165 Lors de notre passage dans les écoles privées, nous avons eu différents accueils que nous présentons à la manière de Pennac quand celui-ci utilise la formule « il y a » pour présenter les différents profils de mères dans son livre Chagrin d’école (2007 : 50-52).

2.7.1.2. À la manière de Pennac : « il y a.. »

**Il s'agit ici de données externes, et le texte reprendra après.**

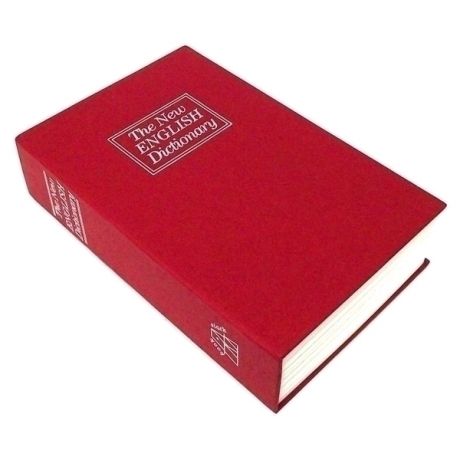 Сейф-книга Эврика Английский словарь Red 94791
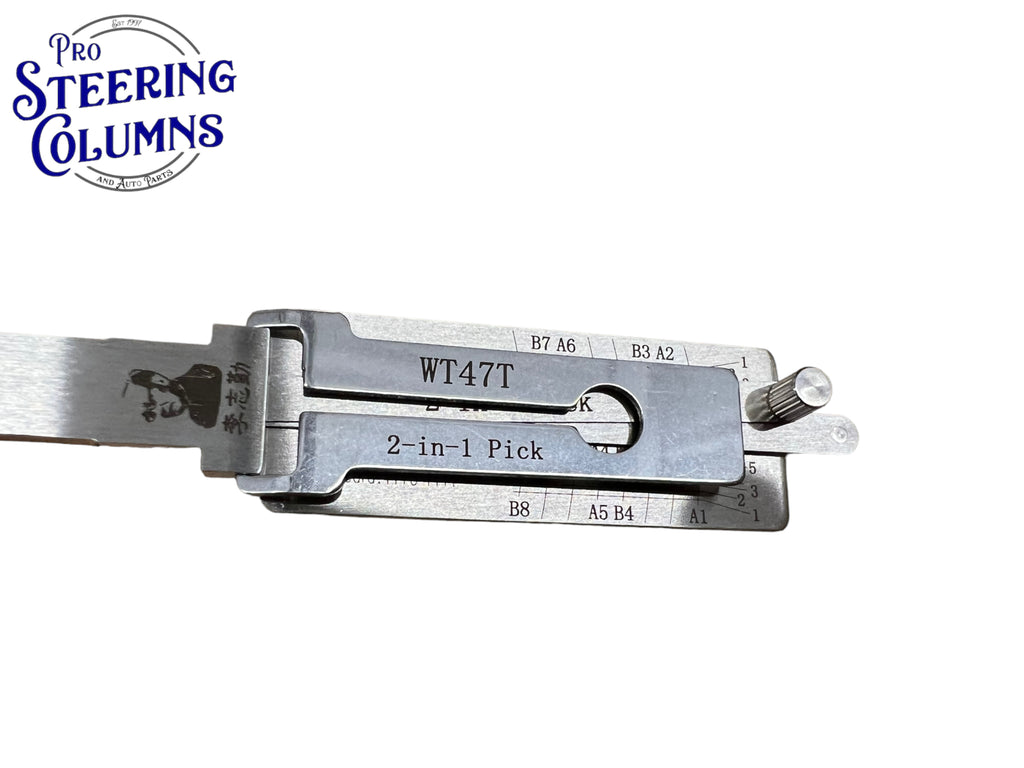 Original Lishi 2 in 1 WT47T Saab 4 Track Pick & Decoder Genuine New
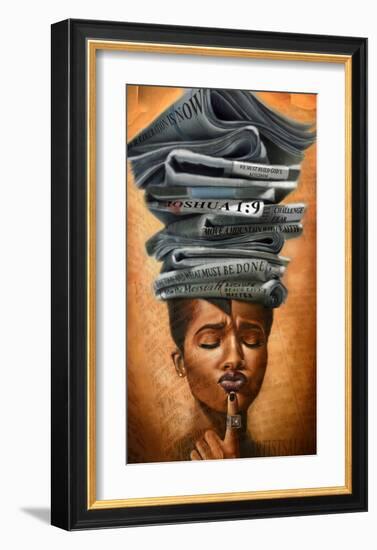 Liberated Thoughts-Salaam Muhammad-Framed Art Print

Il y a des écoles qui vous accueillent chaleureusement, qui lisent attentivement votre travail qui vous demandent de venir tel jour à telle heure pour rencontrer les enseignants ou les co- coordinateurs de toutes les écoles afin de leur expliquer les démarches à suivre ; il y a des écoles qui prennent le temps de discuter avec vous, qui vous proposent même de se charger des photocopies, qui vous rassurent, qui vous demandent de venir tel jour pour récupérer les questionnaires, mais qui à la fin s’excusent de n’avoir pu mener à terme tout le travail ; il y a des écoles qui font de leur mieux pour vous trouver du temps mais qui sont obligées de se rétracter à cause d’évènements divers ; il y a des écoles qui aimeraient bien vous aider, mais qui ne savent pas comment faire, comment procéder, tantôt elles ont le regard fixé sur les documents tantôt c’est sur vous que se pose le regard, elles sont embarrassées et essayent de trouver une issue pour se « débarrasser » de vous sans brusquerie, avec douceur en prenant un air navré ; il y a des écoles qui ne prennent même pas la peine de jeter un coup d’œil sur les documents et qui vous disent clairement qu’elles ne demanderont pas aux élèves de travailler le français à la maison aux dépens des mathématiques ou autres matières scientifiques, ces écoles, sans aucun ménagement, vous invitent à prendre la porte.

2.7.2. Les élèves

Nous avons préféré distribuer les textes entre la mi-avril et la mi-mai, car à cette période les élèves ne passent aucun examen important et peuvent ainsi consacrer du temps à la lecture des documents. En outre, à cette période, les élèves se sont bien familiarisés à nouveau avec la langue française. « Les élèves ne font rien gratuitement, ils veulent des points », cette déclaration de plusieurs enseignantes montre bien que rien ne peut être fait sans leur aide : les élèves, ayant déjà travaillé les types descriptifs, informatifs et narratifs au premier semestre ont clairement compris qu’il s’agissait de textes « venant de l’extérieur » et c’est par l’attribution de bonus par les enseignant(es) que nous avons pu compter sur leur coopération.

166 Nous avons distribué les questionnaires à la même période aux élèves des établissements publics, ignorant que ces derniers finissent l’année scolaire bien avant les écoles privées afin de libérer les établissements pour les examens officiels. C’est avec réticence que les élèves du lycée public El Ghobeyri ont bien voulu coopérer puisqu’ils avaient déjà fini leur programme, mais ceux du lycée Abassieh ont refusé catégoriquement d’avoir un travail supplémentaire pendant leur période de révision et c’est auprès du directeur de l’établissement qu’ils se sont plaints. C’est donc lui qui a promis des points supplémentaires à leur examen final de français sachant bien que les élèves ont avancé le prétexte de révision pour ne pas avoir de devoirs supplémentaires à faire chez eux.

2.7.3. La situation interne du pays

Après avoir obtenu l’accord de la directrice du lycée Grec-Orthodoxe de Tripoli pour nous y rendre, nous avons convenu avec la coordinatrice de français de distribuer le corpus aux élèves après leurs examens de janvier. Pour cause d’affrontements dans la ville, l’école a dû fermer plusieurs jours ; de peur de prendre trop de retard dans son programme, l’enseignante ne pouvait pas nous accorder plus de temps. La directrice tenait toutefois à nous aider, et pour ce faire, elle nous attribué la séance hebdomadaire d’une heure trente consacrée aux contrôles continus ; la surveillante générale a donc regroupé les deux sections de français dans la grande salle prévue pour les examens. Malheureusement, en peu de temps et avec 60 élèves qui n’avaient pas du tout lu les textes alors qu’ils les avaient eus bien avant notre passage, nous n’avons pas pu faire grand-chose.